I don't think that would suffice for taking the vCPUs out of SIE.
>
> Jason
On Tue, Jan 31, 2023 at 09:46:18AM -0500, Anthony Krowiak wrote:
> > Maybe you should split that lock and have a dedicated apcb lock?
>
> I don't think that would suffice for taking the vCPUs out of SIE.
Then I think we have to keep this patch and also do Matthew's patch to
keep kvm refs inside vfio as well.
Jason
On 1/31/23 9:48 AM, Jason Gunthorpe wrote:
> On Tue, Jan 31, 2023 at 09:46:18AM -0500, Anthony Krowiak wrote:
>
>>> Maybe you should split that lock and have a dedicated apcb lock?
>>
>> I don't think that would suffice for taking the vCPUs out of SIE.
>
> Then I think we have to keep this patch and also do Matthew's patch to
> keep kvm refs inside vfio as well.
>
I don't think keeping kvm refs inside vfio solves this issue though -- Even if we handle the kvm_put_kvm asynchronously within vfio as previously proposed, kvm_vfio_release will eventually get called and it gets called with the kvm->lock already held, then proceeds to call vfio_file_set_kvm which gets the group->lock. That order conflicts with the hierarchy used by the driver during open_device of vfio->group_lock ... kvm->lock.

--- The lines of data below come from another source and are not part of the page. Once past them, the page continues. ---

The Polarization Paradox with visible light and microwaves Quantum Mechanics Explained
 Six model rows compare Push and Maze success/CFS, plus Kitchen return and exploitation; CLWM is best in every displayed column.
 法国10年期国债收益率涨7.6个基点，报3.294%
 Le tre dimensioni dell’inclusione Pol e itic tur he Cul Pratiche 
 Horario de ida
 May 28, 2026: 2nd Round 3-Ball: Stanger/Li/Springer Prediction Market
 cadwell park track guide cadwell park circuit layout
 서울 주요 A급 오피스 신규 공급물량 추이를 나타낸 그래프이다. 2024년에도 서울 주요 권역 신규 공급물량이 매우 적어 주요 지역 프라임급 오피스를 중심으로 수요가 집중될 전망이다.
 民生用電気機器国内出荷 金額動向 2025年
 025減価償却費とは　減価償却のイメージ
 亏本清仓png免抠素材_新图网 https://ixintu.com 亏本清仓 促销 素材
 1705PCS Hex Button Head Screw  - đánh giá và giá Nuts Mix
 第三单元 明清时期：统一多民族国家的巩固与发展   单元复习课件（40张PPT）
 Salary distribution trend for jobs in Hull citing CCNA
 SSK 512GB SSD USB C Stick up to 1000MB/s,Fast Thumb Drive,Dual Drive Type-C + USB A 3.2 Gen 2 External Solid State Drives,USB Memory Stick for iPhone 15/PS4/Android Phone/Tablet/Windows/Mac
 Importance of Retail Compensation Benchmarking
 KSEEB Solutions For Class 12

On Tue, Jan 31, 2023 at 10:00:14AM -0500, Matthew Rosato wrote:
> On 1/31/23 9:48 AM, Jason Gunthorpe wrote:
> > On Tue, Jan 31, 2023 at 09:46:18AM -0500, Anthony Krowiak wrote:
> >
> >>> Maybe you should split that lock and have a dedicated apcb lock?
> >>
> >> I don't think that would suffice for taking the vCPUs out of SIE.
> >
> > Then I think we have to keep this patch and also do Matthew's patch to
> > keep kvm refs inside vfio as well.
> >
>
> I don't think keeping kvm refs inside vfio solves this issue though
> -- Even if we handle the kvm_put_kvm asynchronously within vfio as
> previously proposed, kvm_vfio_release will eventually get called and
> it gets called with the kvm->lock already held, then proceeds to
> call vfio_file_set_kvm which gets the group->lock. That order
> conflicts with the hierarchy used by the driver during open_device
> of vfio->group_lock ... kvm->lock.
The group lock is held by vfio_file_set_kvm() only because we don't
have a refcount and we have to hold it across the open call to keep
the pointer alive.
With proper refcounting you'd split this to a spinlock and hold it
only while obtaining the get ref for the open thread.
Jason